Is there a way to write the output to the original ubyte format? #34

Closed AoifeMarieDoherty closed 3 years ago

AoifeMarieDoherty commented 3 years ago

Can this be converted back to the original format? Ideally exactly as in the original files (train labels, train data, test labels, test data), all in ubyte form?

MichalDanielDobrzanski commented 3 years ago

Hey Aoife, I have replied to your e-mail. Next time, please be more specific:

AoifeMarieDoherty commented 3 years ago

Oh I'm so sorry. Thank you for your reply.

The script I was wondering about is this script: https://github.com/MichalDanielDobrzanski/DeepLearningPython35/blob/master/expand_mnist.py

And my question specifically was:

Specifically, the output to look like this:

THE IDX FILE FORMAT the IDX file format is a simple format for vectors and multidimensional matrices of various numerical types. The basic format is

magic number size in dimension 0 size in dimension 1 size in dimension 2 ..... size in dimension N data

The magic number is an integer (MSB first). The first 2 bytes are always 0.

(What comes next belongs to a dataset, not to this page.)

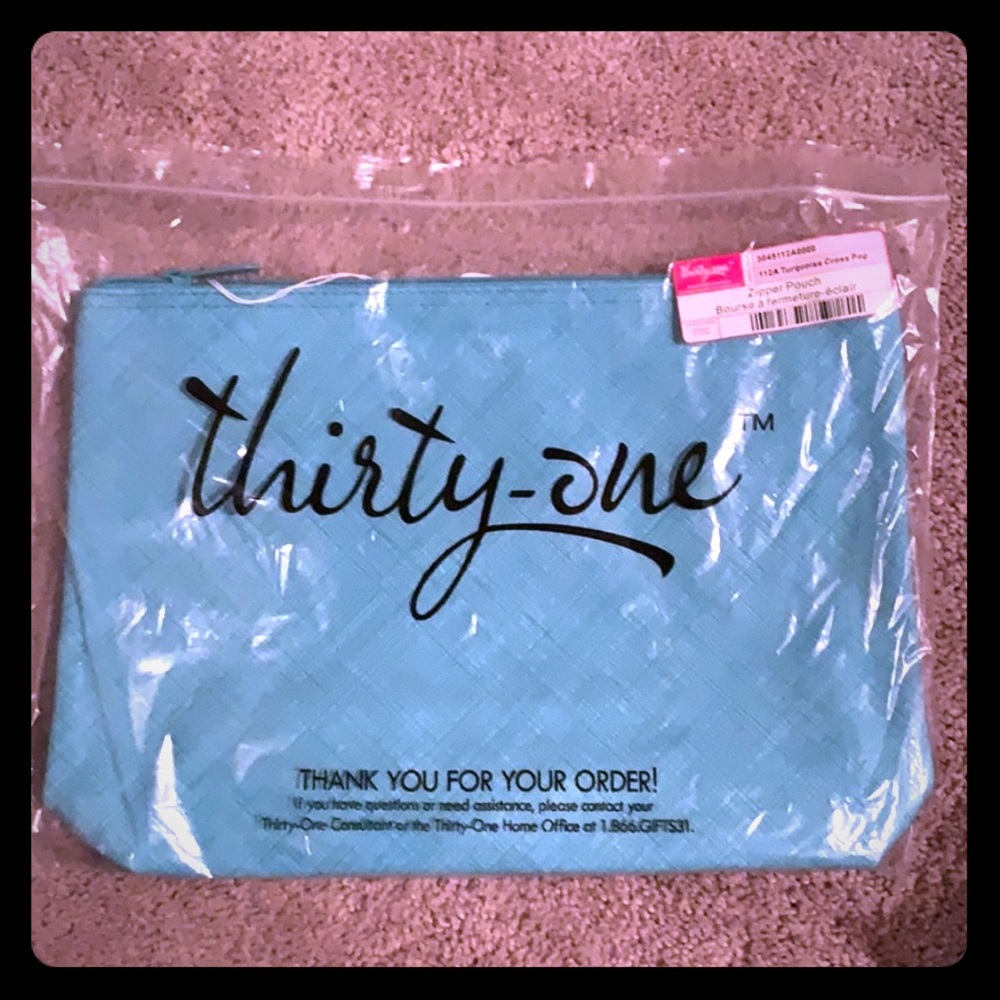 Zipper pouch in turquoise cross pop. NIP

The third byte codes the type of the data: 0x08: unsigned byte 0x09: signed byte 0x0B: short (2 bytes) 0x0C: int (4 bytes) 0x0D: float (4 bytes) 0x0E: double (8 bytes)

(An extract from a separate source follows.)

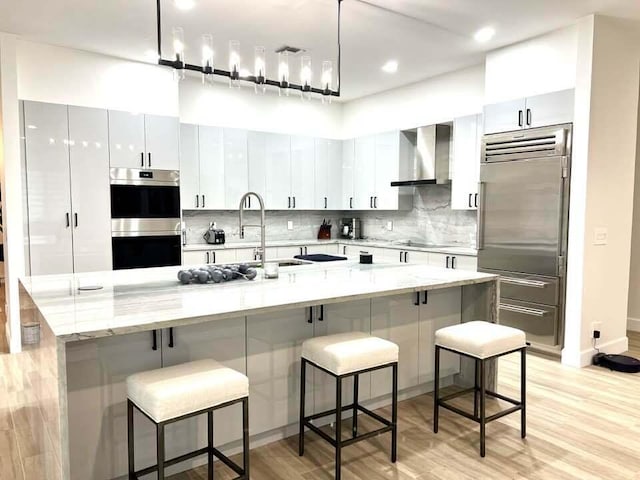 kitchen featuring appliances with stainless steel finishes, a breakfast bar, white cabinetry, and wall chimney exhaust hood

The 4-th byte codes the number of dimensions of the vector/matrix: 1 for vectors, 2 for matrices....

The sizes in each dimension are 4-byte integers (MSB first, high endian, like in most non-Intel processors).

The data is stored like in a C array, i.e. the index in the last dimension changes the fastest.

and for the training data, and labels to be separate files, i.e. for the output to be exactly the above format, and the data divided into these files:

train-images-idx3-ubyte.gz: training set images train-labels-idx1-ubyte.gz: training set labels t10k-images-idx3-ubyte.gz: test set images t10k-labels-idx1-ubyte.gz: test set labels

And what I was wondering was is this possible to do with one of your already-written scripts or could you tell me how I would do it in python specifically, I'm not really familiar with MNIST/ubyte, so I'd really appreciate the help.

Thank you for your time